North America's Summits

In summer, many of us yearn to escape to the high country, where the air is cool and where spectacular vistas stir the soul. What better time to consider the mountainous topography of North America and ponder the summits of our Continent?

Our highest summit, with an elevation of 20,320 feet, is Denali (also known as Mt. McKinley) in the Alaska Range; other prominent ranges in that State and their summits (in feet) include the Brooks Range (Mt. Isto, 9050), the Chugach Mountains (Mt. Marcus Baker, 13,176), the St. Elias Mountains (Mt. St. Elias, 18,008) and the Wrangell Mountains (Mt. Blackburn, 16,930). The Coast Range of British Columbia tops out at Mt. Waddington (13,176) while Mt. Robson (12,972) is the highest point in the Canadian Rockies. Mt. Ranier (14,411) is the tallest peak in the Cascades and Mt. Whitney (14,505), west of Death Valley, is the highest summit in the Sierra Nevada (and the tallest mountain in the lower 48 States). Mt. Elbert (14,433), in Colorado, is the highest peak in the Southern Rockies.

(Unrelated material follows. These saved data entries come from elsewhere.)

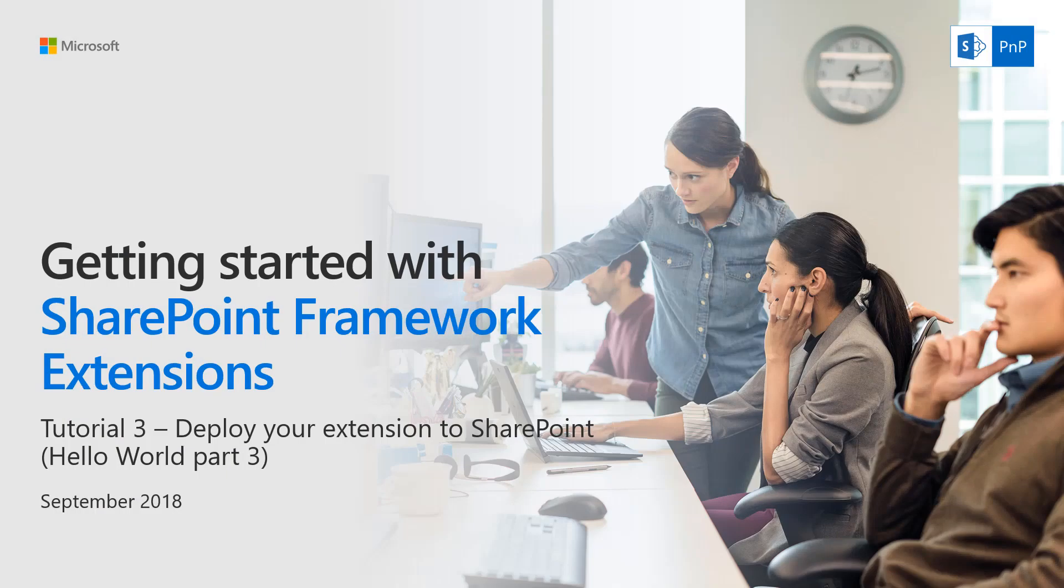Hello, welcome to this getting started with SharePoint Framework extension tutorial series. This is tutorial 3 deploy your extension to SharePoint aka Hello World Part 3. This is September 2018 edition.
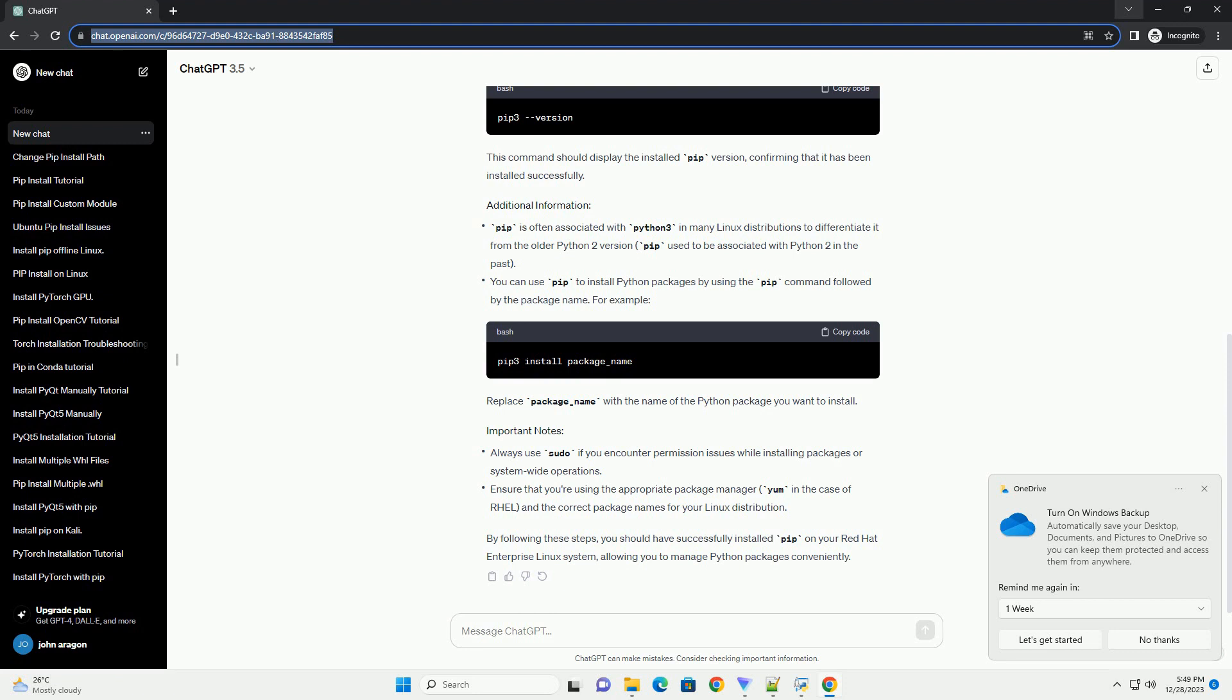RHEL usually comes with Python pre-installed, but it might not include PIP by default. To install PIP, you'll need to install the Python 3 package along with Python 3 PIP. Run the following command.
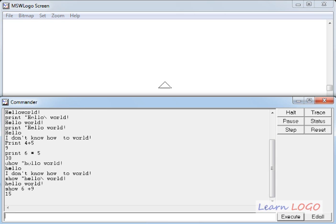In place of the print command you can also use the show command and both work exactly the same way. In the next video we will learn how to draw a star with an odd number of points or corners. Bye-bye till then.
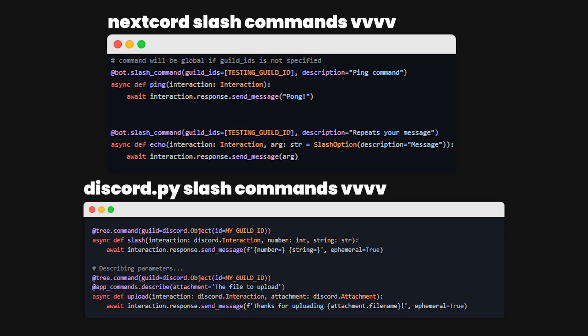There are a couple of differences between the forks, as you can see on screen — here's a Nextcord and Discord.py comparison of slash commands. They're a bit different. Discord.py mainly relies on decorators for describing slash commands, such as for descriptions, options, and so on. Whereas Nextcord mainly relies on the function itself and the arguments within it.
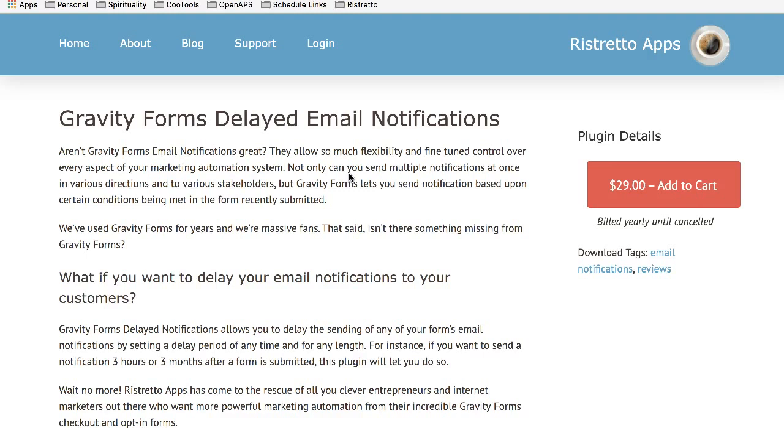We use Gravity Forms for our checkout system, and we wanted a way to get feedback from our customers a week, two weeks, or a month down the road.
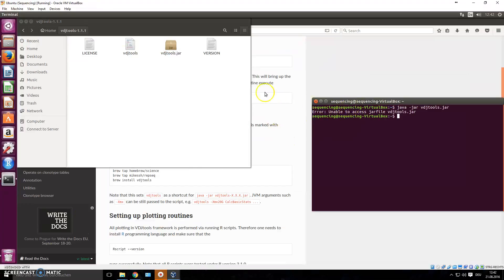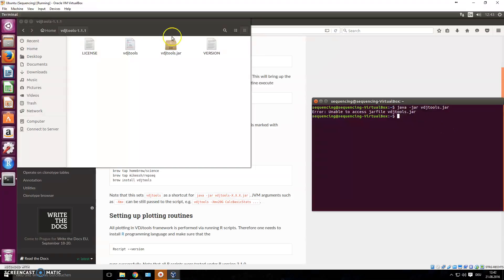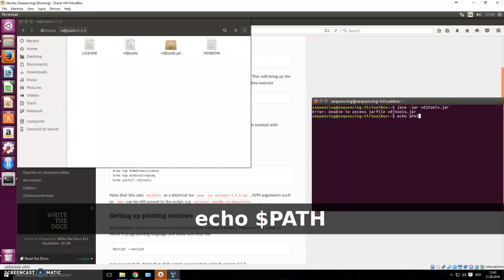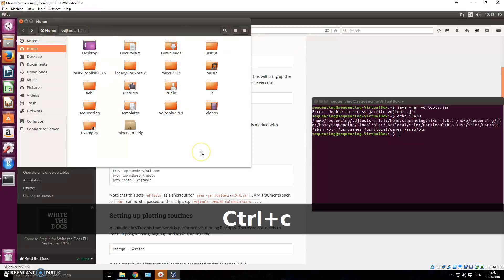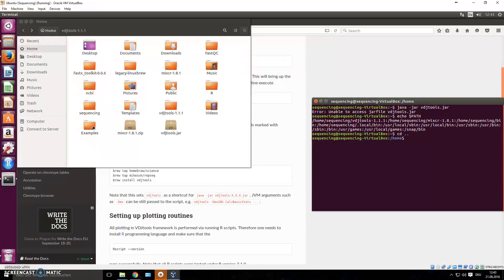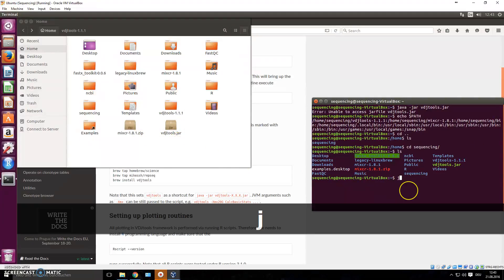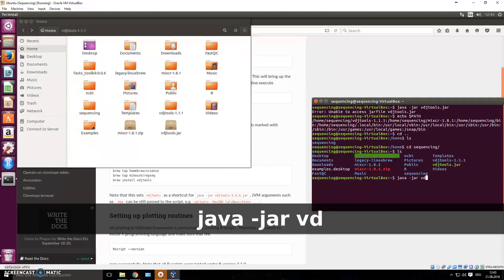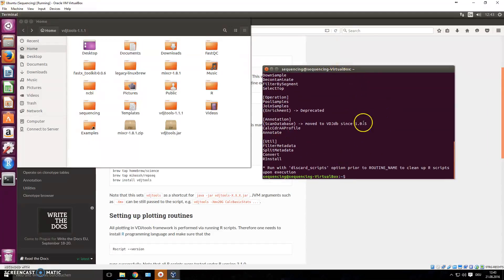I don't know why it's not working just by typing 'java -jar vdj_tools.jar' — we added the whole folder where the jar file is to the PATH, but somehow it's still not working. The way it works is if you just copy the jar file and paste it anywhere else and start it from there, it seems to work. So we'll go ahead and copy it to our home folder. From there, if we execute 'java -jar vdj_tools.jar', it runs the program.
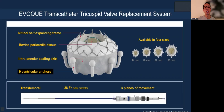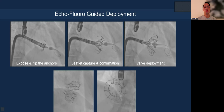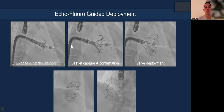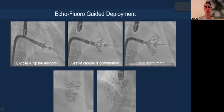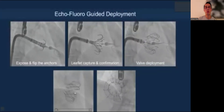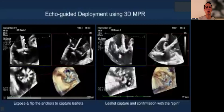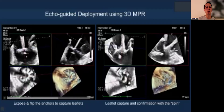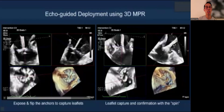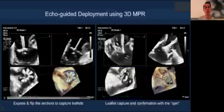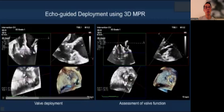For the TTVR procedure, the EVOQUE system is approved in both Europe and the US, with four different sizes. It's both echo and fluoroscopy guided. On fluoroscopy, you can see how to expose and flip the anchors, as well as the trajectory, tilt, and orientation of the catheter, and observe the valve being deployed. On echo, this is done with 3D MPR on TEE — the green box shows the inflow view, the red box shows the perpendicular septolateral orientation view, and the blue box shows the transgastric view displaying all nine anchors to confirm leaflet capture before committing to deployment.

Harney Peak (7242) tops the Black Hills of South Dakota while Guadelupe Peak (8749) is the summit of the Guadelupe Mountains of west Texas. Several summits in the Boston Mountains of northern Arkansas approach 2600 feet, representing the highest topography of the Ozarks, and Mt. Magazine (2753), in western Arkansas, is the tallest peak in the Ouachitas of Arkansas-Oklahoma. Summit Peak (1958) rises above the Porcupine Mountains of Upper Michigan while Mt. Marcy (5343) is the highest mountain in the Adirondacks of New York. Mt. Mitchell (6684), in North Carolina, forms the summit of the Southern Appalachians while Mt. Washington (6288), of New Hampshire, is the tallest peak in the Northern Appalachians. The highest mountain in eastern Canada is Mt. Caubvick (5420), on Newfoundland, and Pico de Orizaba (18,491), in the Cordillera Neovolcanica, is the tallest summit in Mexico and the third highest mountain in North America.